Requirement:
The lines from the one containing "Proxxon 23294 Socket Spanner Set 65 Pieces" through the last line below, both ends included, must be reproduced exactly, with no pictures.

--- START ---

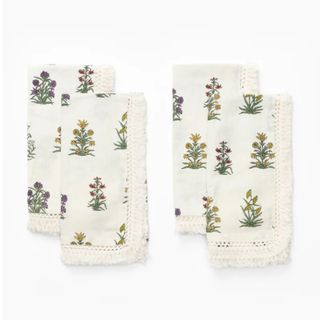 Wilkie Floral Napkins (Set of 4)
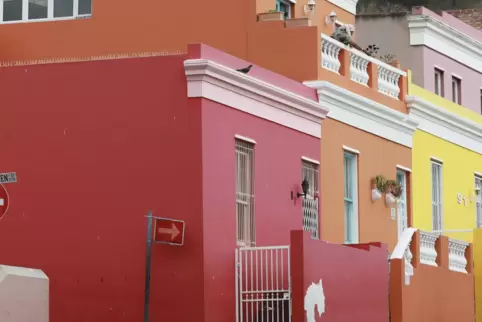 Auch im wegen seiner bunten Häuser bekannten Kapstadter Stadtteil Bo-Kaap bleiben die Touristen aus.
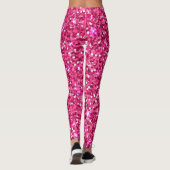 Hot Pink Glitter Leggings レギンス (裏面)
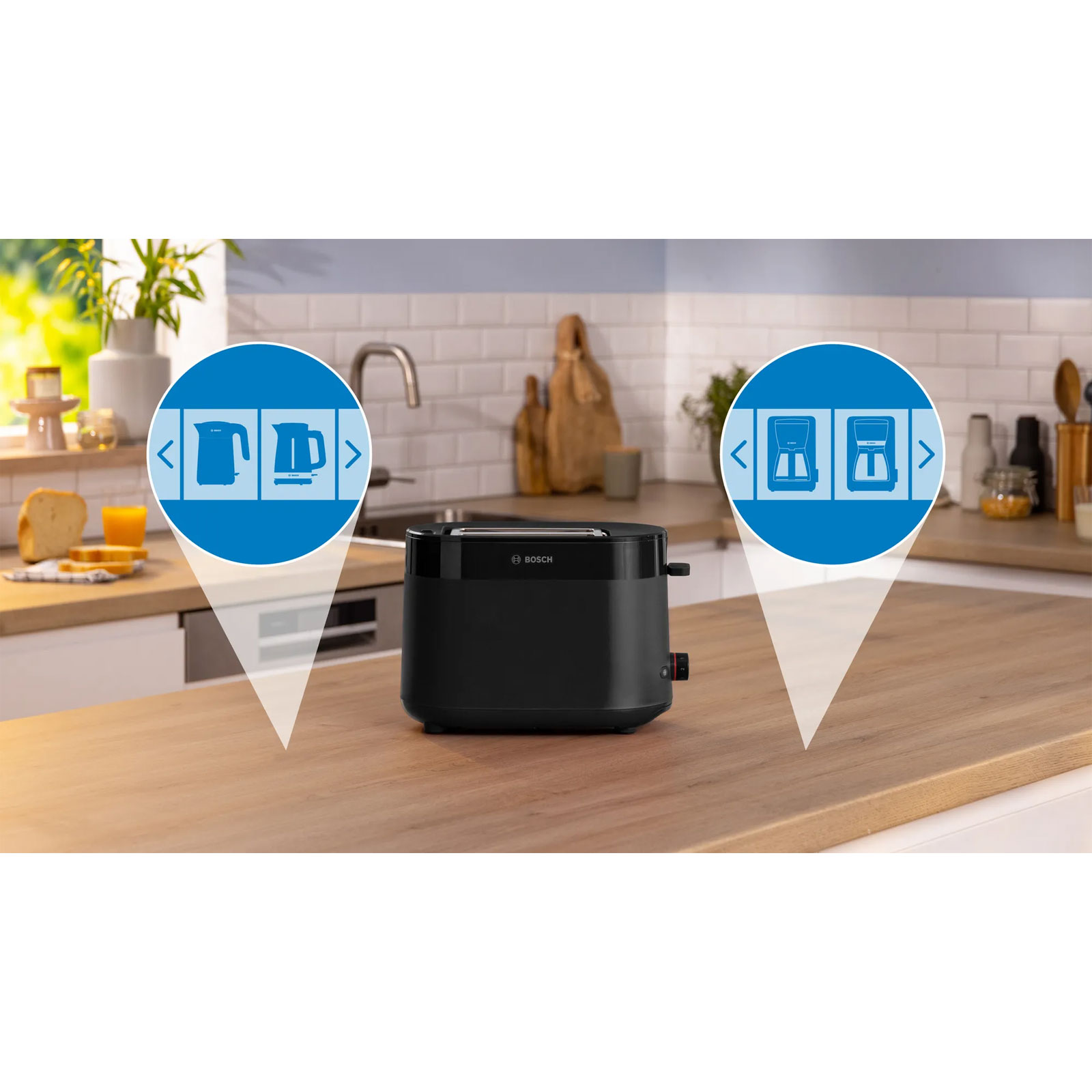Bosch TAT2M123 Toaster Kompakt MyMoment 2 Scheiben 950 Watt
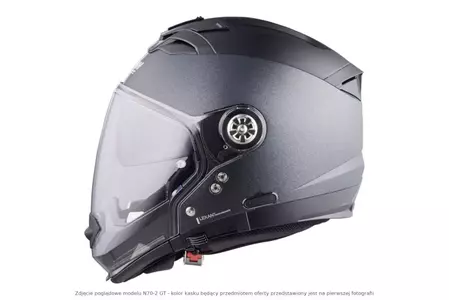 Modularna motoristična čelada Nolan N70-2 GT Special N-COM Metal Black XXS-3
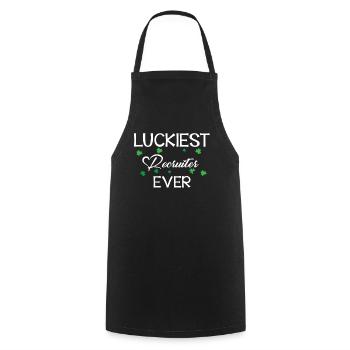 Recruiter St.Patrick's Day - Cooking Apron - black - Front - AI Model Male 185 dark (185cm)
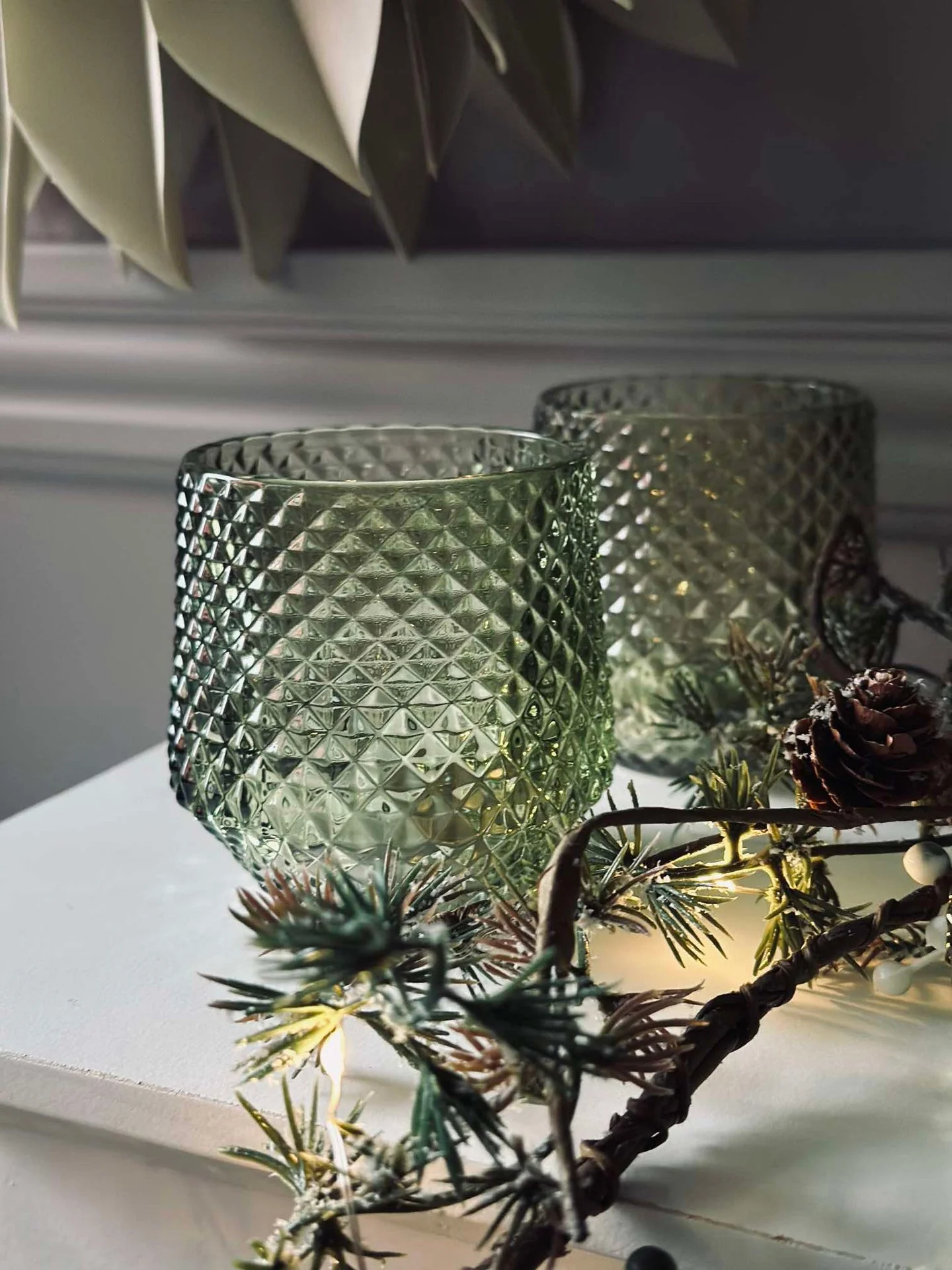 Lysestaker i glass Grønn - Sett med 3 stk. - Image 7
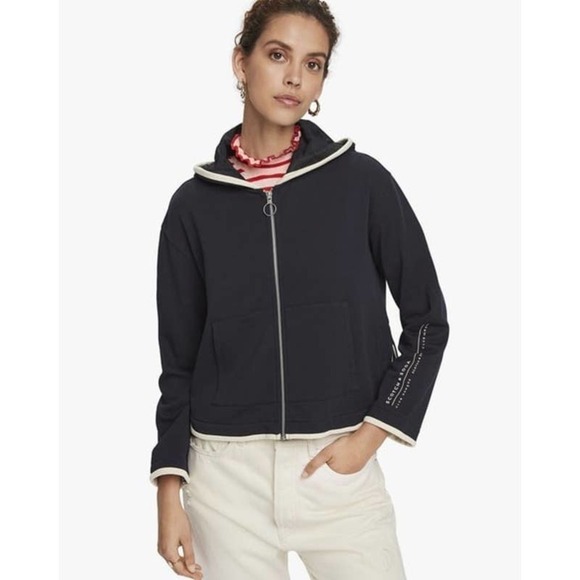 SCOTCH & SODA Zip-Front Hoodies with‎ Typography Women’s Size Medium - Picture 1 of 14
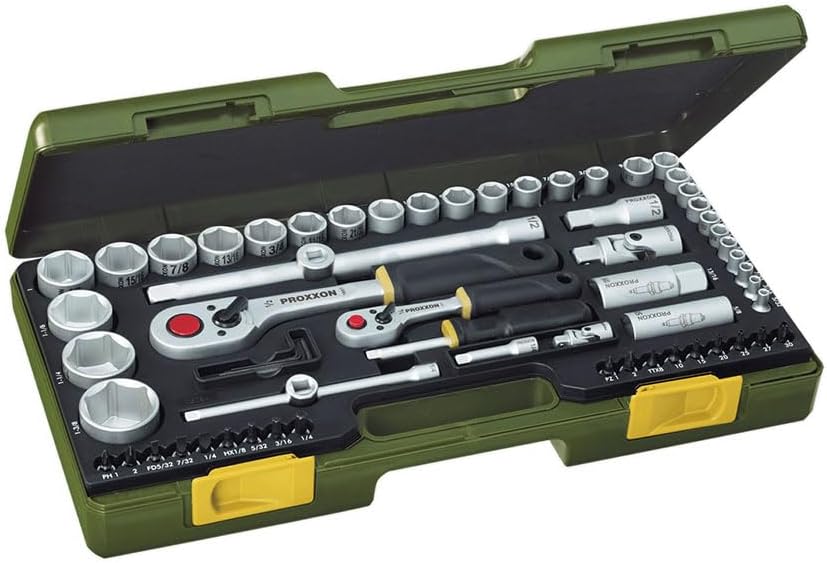 Proxxon 23294 Socket Spanner Set 65 Pieces
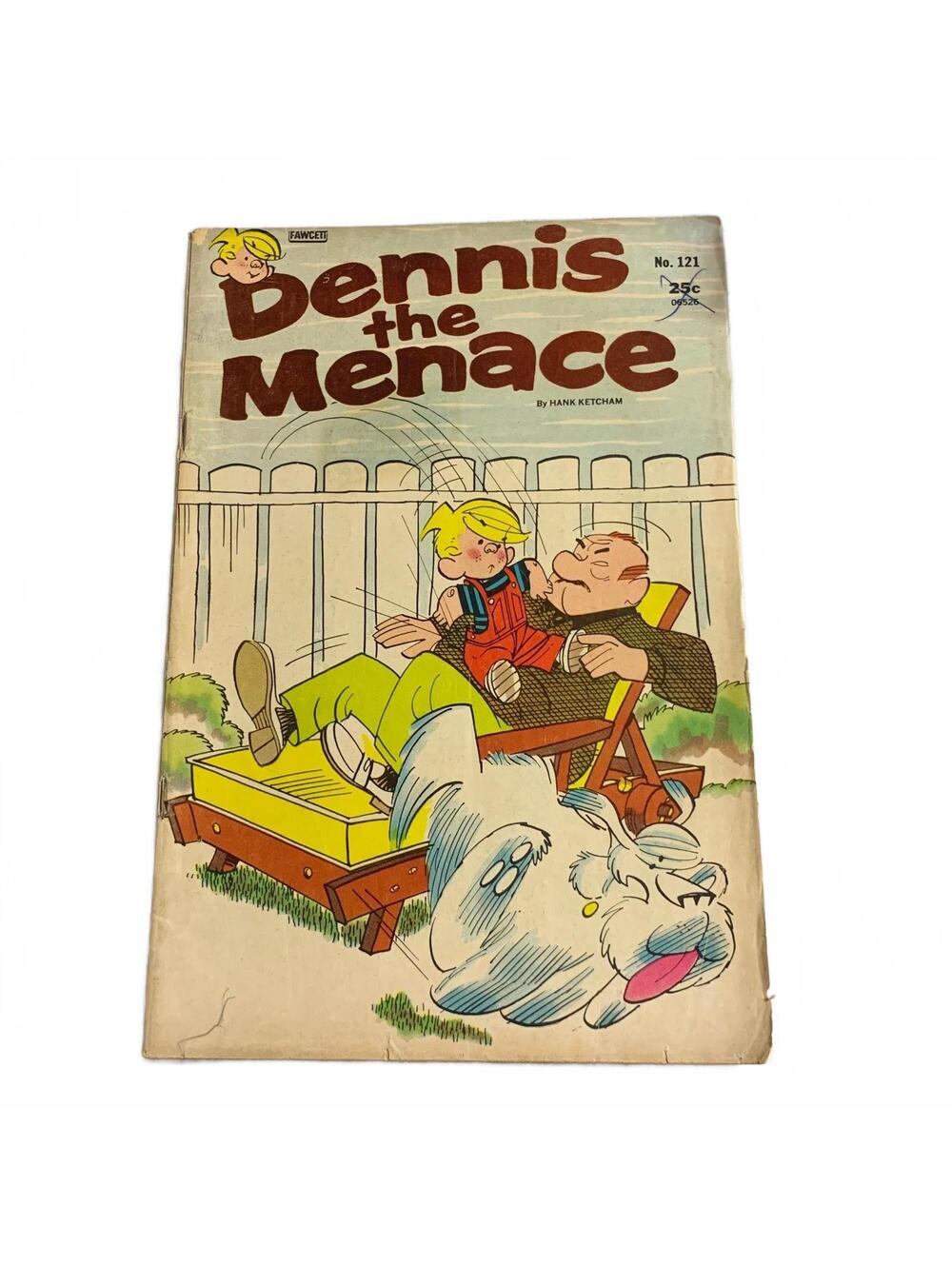 Dennis the Menace #121 Fawcett 1972 Vintage Comic Book Back Cover Ad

--- END ---

Result of the exercise:
 Proxxon 23294 Socket Spanner Set 65 Pieces
 Dennis the Menace #121 Fawcett 1972 Vintage Comic Book Back Cover Ad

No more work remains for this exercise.